Ho Chi Minh led the Vietnamese nationalist movement for more than three decades, fighting first against the Japanese, then the French colonial power and then the US-backed South Vietnamese. He was President of North Vietnam from 1954 until his death.
After the Japanese invasion of Indo-China in 1941, Ho returned home and founded the Viet Minh, a communist-dominated independence movement, to fight the Japanese. He adopted the name Ho Chi Minh, meaning 'Bringer of Light'.
At the end of World War Two the Viet Minh announced Vietnamese independence. The French refused to relinquish their colony and in 1946, war broke out. After eight years of war, the French were forced to agree to peace talks in Geneva. The country was split into a communist north and non-communist south and Ho became president of North Vietnam. He was determined to reunite Vietnam under communist rule.
By the early 1960s, North Vietnamese-backed guerrillas, the Vietcong, were attacking the South Vietnamese government. Fearing the spread of communism, the United States provided increasing levels of support to South Vietnam.
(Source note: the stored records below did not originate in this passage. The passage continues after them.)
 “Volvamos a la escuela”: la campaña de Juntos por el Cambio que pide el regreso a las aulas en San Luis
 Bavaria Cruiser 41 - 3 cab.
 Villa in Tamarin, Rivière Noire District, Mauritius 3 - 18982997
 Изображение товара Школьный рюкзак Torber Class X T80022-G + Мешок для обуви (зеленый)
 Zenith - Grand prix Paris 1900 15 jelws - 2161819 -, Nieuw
By 1965, large numbers of American troops were arriving and the fighting escalated into a major conflict.
Ho Chi Minh was in poor health from the mid-1960s and died on 2 September 1969. When the Communists took the South Vietnamese capital Saigon in 1975 they renamed it Ho Chi Minh City in his honour.
He wanted a simple burial, but he was so revered by his people that they built an amazing mausoleum and his preserved body still lies in state for all to see. 
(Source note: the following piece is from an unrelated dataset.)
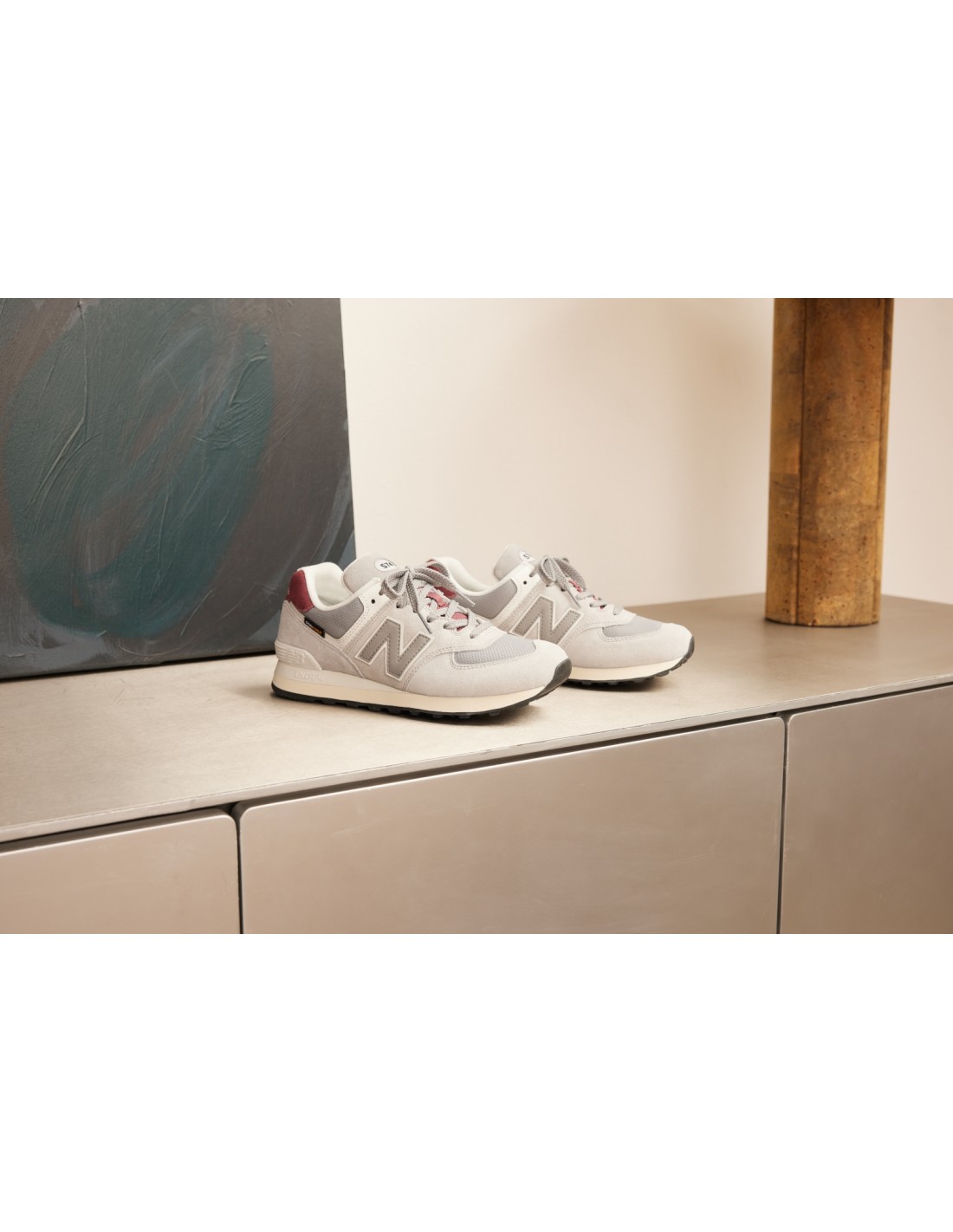 new balance Sneakers Homme 574 Gris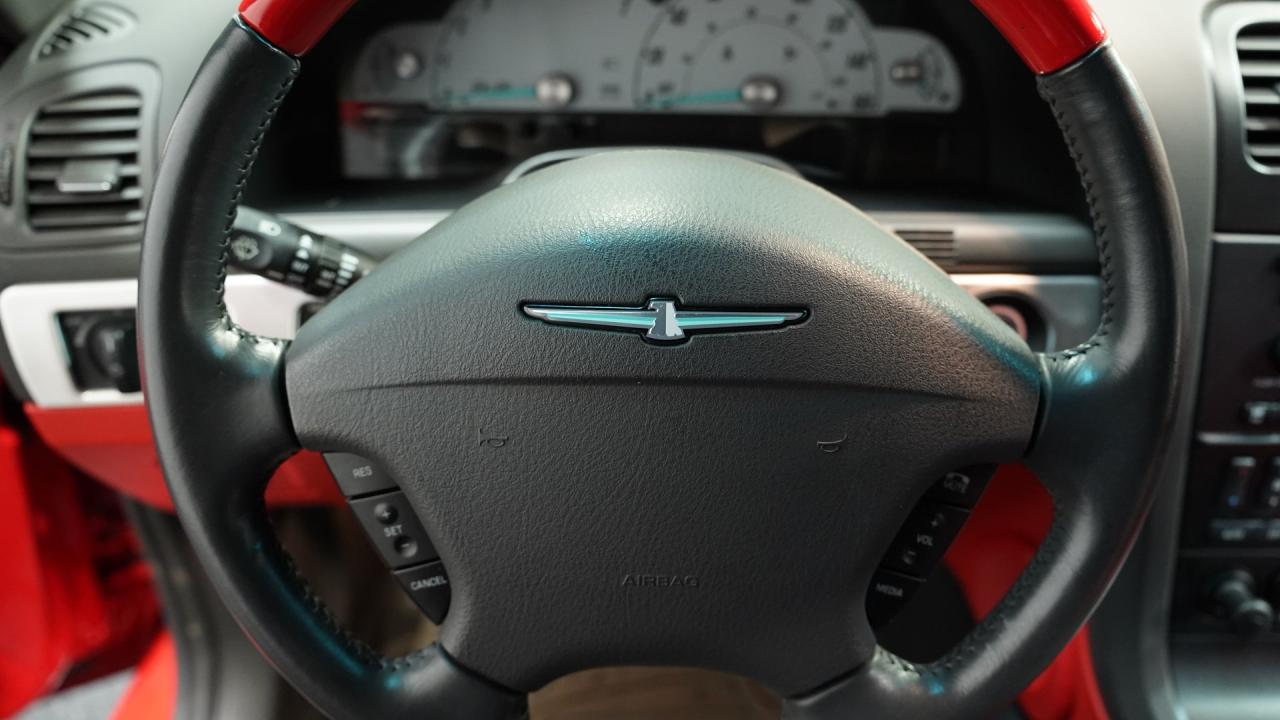 2002 Ford Thunderbird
Not that we managed to see it!  By the time we arrived, the queue was three or four abreast and about a mile long - it was crazy!  We admitted defeat and got a taxi to The Hanoi Hilton instead.

This thought-provoking site is all that remains of the former Hoa Lo Prison, ironically nicknamed the ‘Hanoi Hilton’ by US POWs during the American War.
The vast prison complex was originally built by the French Colonials in 1896 and was intended to house around 450 inmates, but records indicate that by the 1930s there were close to 2000 prisoners.

Apparently, Hoa Lo was never a very successful prison, and hundreds escaped its walls over the years – many squeezing out through sewer grates.

Most of the exhibits here relate to the prison’s use up to the mid-1950s, focusing on the Vietnamese struggle for independence from France.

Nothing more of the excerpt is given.